Победившая сам масскульт реальность, прошедшая в этом фильме огонь, воду, трубы, цифровую обработку голливудского текниколора, рукотворное тщание (костюмы Энджел шились из тканей соответствующих времен, найденных на блошиных рынках), пронзенная звуками Филиппа Ромби, натеревшего, как паркет, свой саундтрек, который был вдохновлен музыкой Франка Скиннера, писавшего для мелодрам Дугласа Сёрка, — это ответ европейского режиссера на вызов как сегодняшнего масскульта, так и стёба над ним.

Начав с коротких планов детства Энджел в захолустье, отдав дань критическому и визуальному реализму, Озон вместе с художником-постановщиком Катей Вышкоп, художником по костюмам Паскалин Шаванн, оператором Дени Ленуаром пустились возводить реальность своего фильма в пандан воображаемой реальности романистки, живущей и работающей вне каких-либо культурных кодов. А при этом постоянно пересоздающей и обновляющей собственную реальность. Жажда и реализация творческих устремлений становится не только «ее единственным механизмом выживания», но и выталкивает из «Рая» в жизнь.

Уловка этого не коммерческого и не (пост)авангардного кино, этого возвышенного и бесстрашного романа режиссера с кичем, этой турбулентной работы Ромолы Гараи, сыгравшей Энджел от шестнадцати до тридцати пяти лет почти без грима, зато изменяющей по мере взросления героини свой голос (!), в том, что актеры, идеально перевоплотившись, материализовали непривычную — в таких сюжетах — энергию сопереживания персонажам.
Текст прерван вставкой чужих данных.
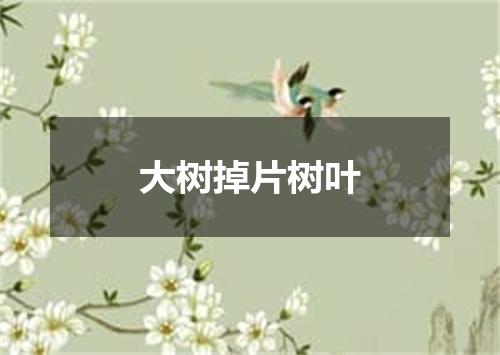 大树掉片树叶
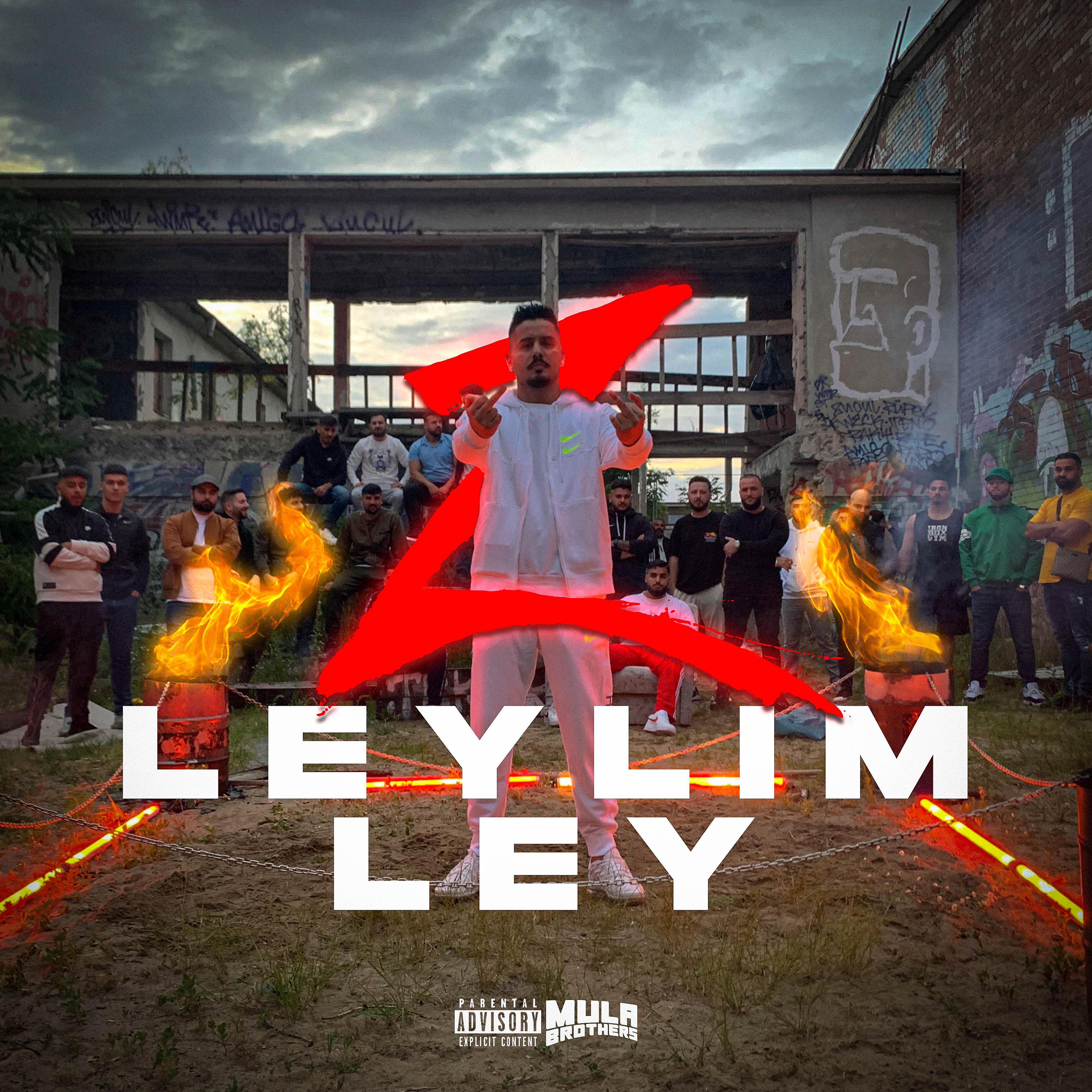 Постер альбома LEYLIM LEY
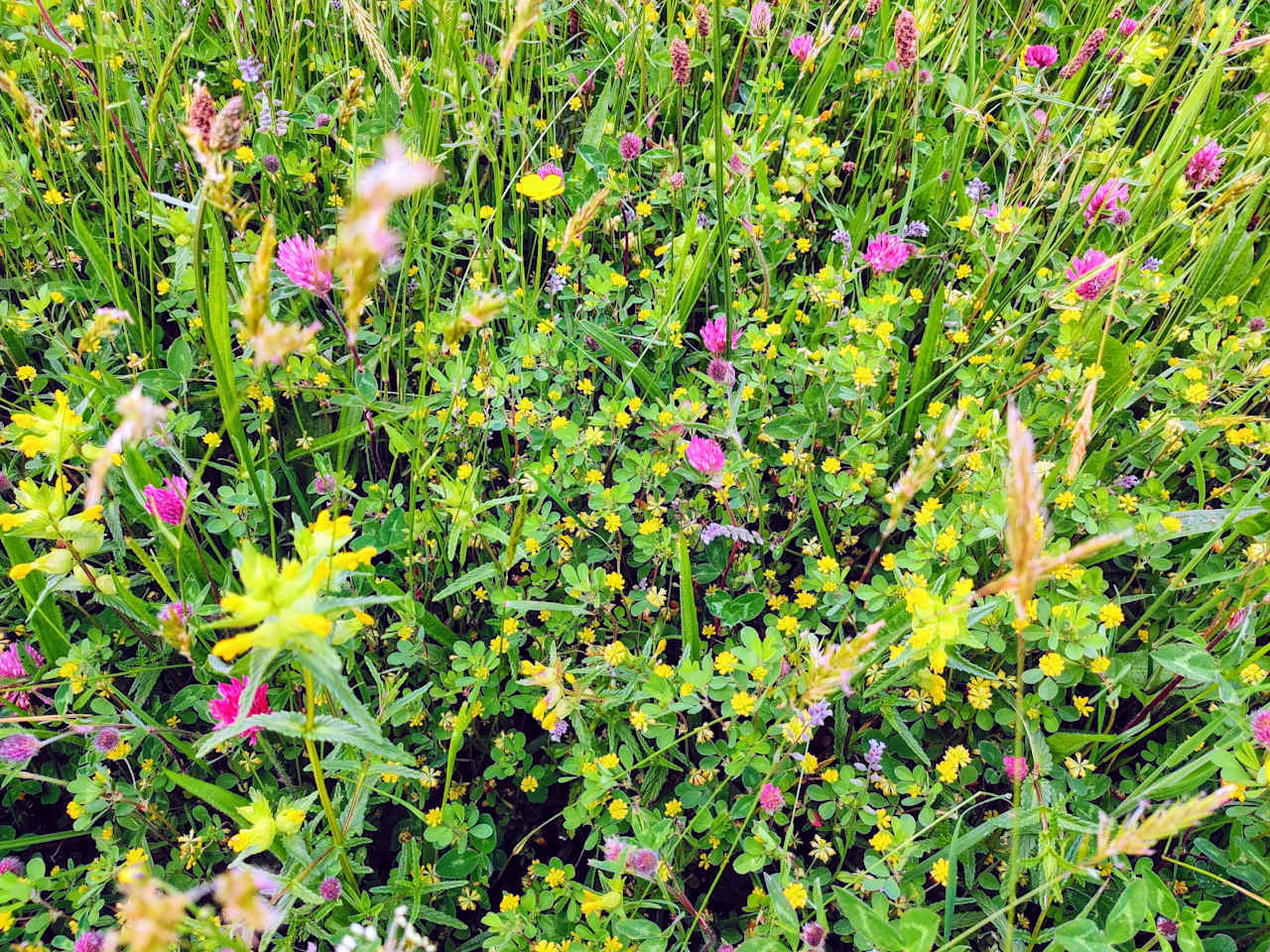 Our ancient hay meadows are alive with flowers and biodiversity!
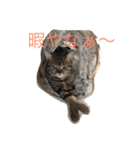 関西の猫さんたち。（個別スタンプ：5）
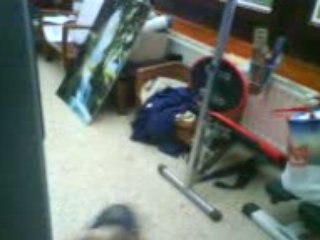 Un chien qui pete un cable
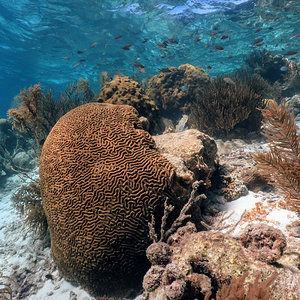 Brain coral at Klein Bonaire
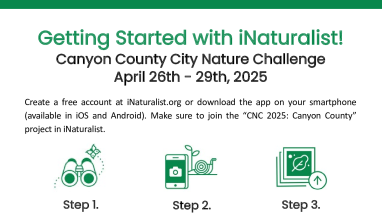 City Nature Challenge iNaturalist Guide - English and Spanish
А режиссерская дистанция, акценты, ракурсы, оптика воссоздали тревожное впечатление «дежа вю», то есть волнующий эффект классических фильмов.

«Ангел», конечно, не «чисто английский фильм», сделанный в духе американца Айвори, разве что зажатый в салонные французские кавычки. Это — эхо дальнего взрыва, унесенное ветром и, казалось, навсегда потухшее. Но в озоновом вызове это эхо звучит во весь голос: с заразительной художественной наглостью.